ESGS Seminar
Towards Continuous and Consistent Landsat Data Record
Abstract
The Landsat satellites have been providing earth observation data continuously since early 1970s, and form a cornerstone for mid-resolution remote sensing. Continuity of Landsat-like data is a critical need within the Earth Science community. However, the failure of the Scan-Line Corrector (SLC) mechanism on Landsat 7 in 2003 and increasing age of Landsat 5 have threatened this continuity. While a new Landsat Data Continuity Mission (LDCM) satellite will begin operation in 2011, the difficulties in maintaining Landsat continuity have highlighted the need to combine the capabilities of existing international sensors to provide a more robust observational record. Combining different mid-resolution sensors can also provide more frequent observations throughout the growing season for monitoring rapid vegetation phenological changes.

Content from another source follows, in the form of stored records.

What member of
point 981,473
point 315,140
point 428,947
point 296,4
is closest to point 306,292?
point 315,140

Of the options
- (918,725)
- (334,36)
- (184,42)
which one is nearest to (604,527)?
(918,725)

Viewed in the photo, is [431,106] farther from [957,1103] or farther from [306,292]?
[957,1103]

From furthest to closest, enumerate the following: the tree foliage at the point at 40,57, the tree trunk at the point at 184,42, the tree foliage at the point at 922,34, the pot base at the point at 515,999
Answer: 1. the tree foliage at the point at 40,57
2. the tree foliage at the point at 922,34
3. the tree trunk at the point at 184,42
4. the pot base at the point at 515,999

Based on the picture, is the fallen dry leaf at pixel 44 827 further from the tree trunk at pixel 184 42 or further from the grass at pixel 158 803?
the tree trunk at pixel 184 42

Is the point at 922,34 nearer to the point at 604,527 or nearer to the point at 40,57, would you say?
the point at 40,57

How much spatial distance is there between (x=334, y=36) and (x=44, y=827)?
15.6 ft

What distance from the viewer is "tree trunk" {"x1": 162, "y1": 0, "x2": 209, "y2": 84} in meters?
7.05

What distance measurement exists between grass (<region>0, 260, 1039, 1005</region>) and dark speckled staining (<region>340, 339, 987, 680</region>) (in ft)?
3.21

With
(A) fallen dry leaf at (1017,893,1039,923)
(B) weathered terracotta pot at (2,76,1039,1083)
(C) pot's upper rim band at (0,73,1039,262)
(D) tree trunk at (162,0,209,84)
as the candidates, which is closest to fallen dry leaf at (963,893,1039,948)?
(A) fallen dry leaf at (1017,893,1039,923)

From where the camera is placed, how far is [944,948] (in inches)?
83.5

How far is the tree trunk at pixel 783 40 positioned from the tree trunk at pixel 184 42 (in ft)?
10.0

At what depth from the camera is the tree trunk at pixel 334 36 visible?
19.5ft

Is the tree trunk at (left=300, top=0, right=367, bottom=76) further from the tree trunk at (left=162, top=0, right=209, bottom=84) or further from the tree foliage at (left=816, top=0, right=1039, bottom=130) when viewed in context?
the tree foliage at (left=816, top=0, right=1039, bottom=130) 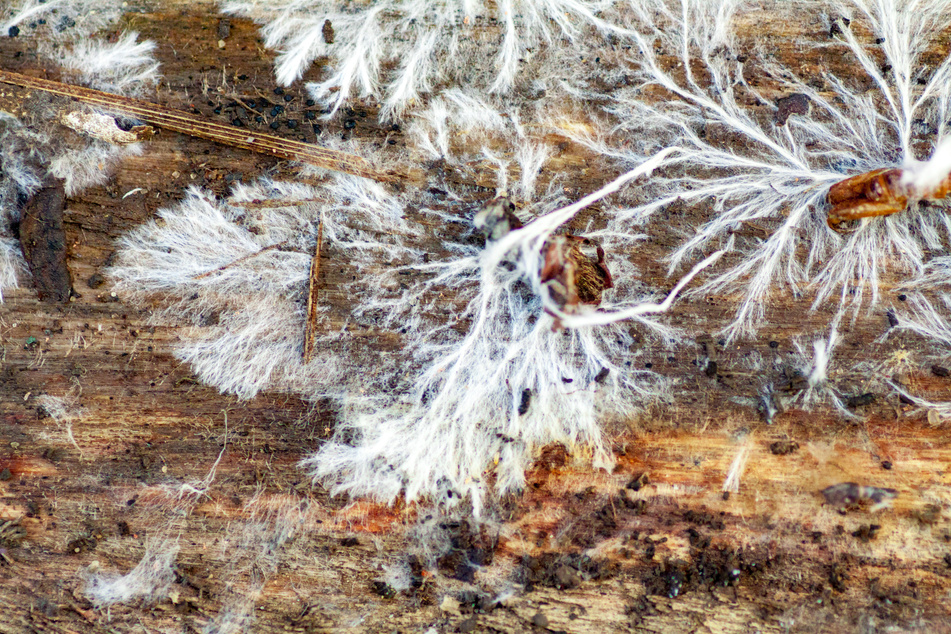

In this presentation, I will present our recently developed general empirical relation model (GERM) that uses MODIS surface reflectance as reference data set to normalize multiple mid-resolution sensor data to a consistent data stream. I will also present the Spatial and Temporal Adaptive Reflectance Fusion Model (StarFM) algorithm to blend Landsat and MODIS surface reflectance. Using this approach, high-frequency temporal information from MODIS and high-resolution spatial information from Landsat can be blended for applications which require high resolution in both time and space. The MODIS daily 500m surface reflectance and the 16-day repeat cycle Landsat ETM+ 30m surface reflectance are used to produce a synthetic “daily” surface reflectance product at ETM+ spatial resolution.